It was one of my first experiences with death. It was profound. He was just there the other day, and now he doesn’t exist. Where is he? And wow, David knows what happens when you die.

But I learned something, too. If blood isn’t circulating, hickeys are forever.

Archery

January 14, 2013

Three years ago I was substitute teaching some for extra money, (my real job is as a copy editor.)

One day I was at my old junior high school taking over a friend’s English class on what I still think of as the archery field.

The children were fascinated to know PE class used to include a week of archery. I was fascinated that anyone would think this was a good thing. Archery terrifies me.

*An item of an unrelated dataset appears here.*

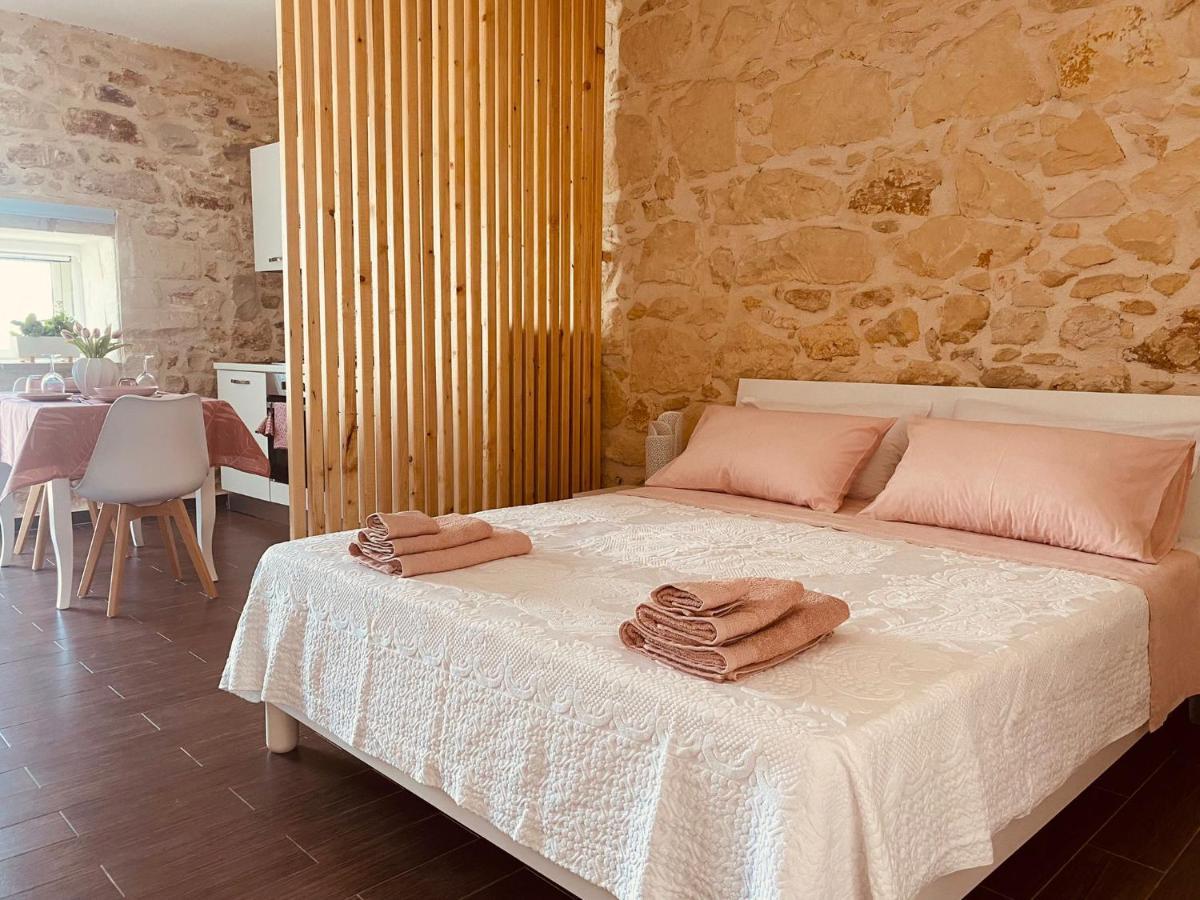 Mary Home Sicily Deluxe Ragusa Buitenkant foto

And as so often happens, I started explaining, and it started sounding ridiculous to me….

Every year in spring Mrs. Tilson marched us across the campus in our little white shorts and bright yellow — which they cooled up by calling ‘gold’ — striped T-shirts. We stood with our backs to the busy street, facing blocks of hay with targets on them, and heard about the dangers of the feathers.

That’s right, the feathers.

‘Don’t get your fingers in the way of the feathers,’ is how the speech began. ‘When they whiz by, they’re like razors. They will cut your fingers.’

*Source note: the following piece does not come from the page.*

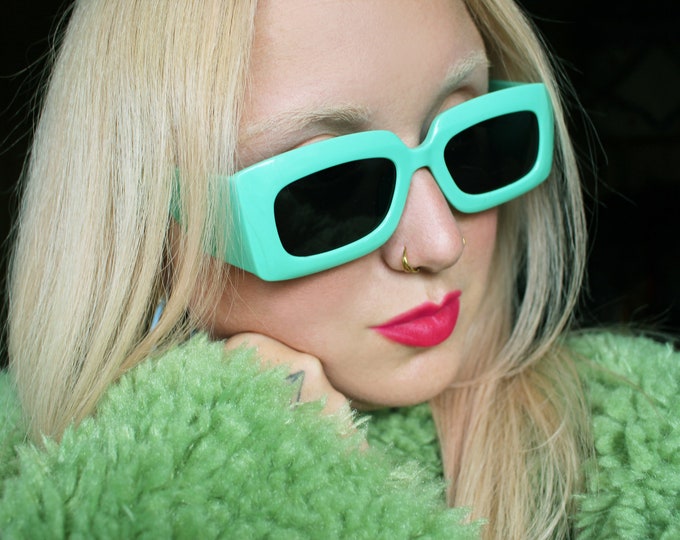 Tilda 90's Y2K retro oversized mint green & black rectangle sunglasses RARE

And then came the worst part. Mrs. Tilson told about the kid who held the arrow too close to his face, and when he released it, a feather sliced his eyeball in half.

In preparation for writing this entry, I Googled ‘archery dangers,’ ‘feather dangers’ and ‘archery safety tips.’

Guess what. Mrs. Tilson is the only one who knows about the feathers.

Dinner talk

January 13, 2013

My son reports that his high school drama department announced this year’s musical.  It’s called, ‘Once upon a Mattress.

“I know that one,” I said. “It’s the story of The Princess and the Pea.”

“It sounds like a porno,” he said.

“That version would be the story of The Princess and the Penis,” I said.

Drinking

January 12, 2013

I romanticize the idea of having a drink.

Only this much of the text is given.